FCA Fined By The Pension Regulator

FCA Fined For Insufficient Details

The Pensions Regulator (TPR) have fined the Financial Conduct Authority (FCA) the maximum amount of £2,000 for insufficient details in their 2018 Defined Contribution (DC) governance statement.

The FCA had failed to comply with the chair’s statement, where the DC scheme trustees have to explain the actions they have taken to comply with certain obligations.

The obligations include information on the scheme’s default fund, its governance, the costs and charges applied and assessment of value for members.

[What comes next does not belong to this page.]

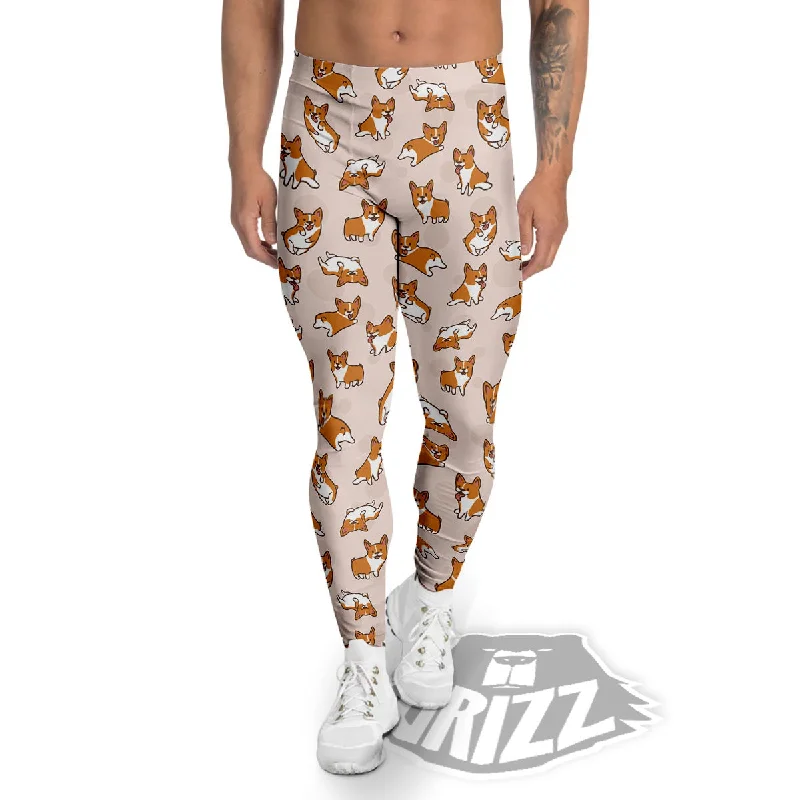 Crazy Deals Corgi Cartoon Print Pattern Men's Leggings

The Financial Time Adviser has found that the FCA should have provided additional details on the regular training that members of the trustee board receive ‘to maintain their knowledge in relation to the scheme’s governing documentation. There was also incomplete information on historical details on fund manager’s costs and charges for investing the pension pot, as well as the date of the most recent review of the investment strategy had taken place.

An FCA spokesperson said:

“In considering the FCA Pension Plan’s application to become an authorised master trust, TPR reviewed its 2018 DC governance statement and ruled it contained insufficient detail.

“The FCA Pension Plan trustee has apologised to members of the plan, and reviewed systems and processes to ensure all the required information is available to members and the 2019 governance statement (provided in October) was fully compliant.

“The plan’s application to become an authorised master trust has been approved.”

Last year, Nicola Parish, executive director for frontline regulation at The Pensions Regulator, said:

“Annual chair’s statements are an essential way to show pension savers that their scheme is being properly governed and will deliver the retirement benefits they are promised. That’s why it is the law for trustees to produce chair’s statements and make sure they contain all of the necessary information.”

This is not the first embarrassment for the FCA, who are currently facing independent investigations into its actions and policies in relation to the firm London Capital & Finance, who the FCA were regulating when they went into administration in January 2019.

In November 2019, an internal memo was leaked, where the FCA had appealed to stall to clean up their act over “shameful” working conditions at its London headquarters.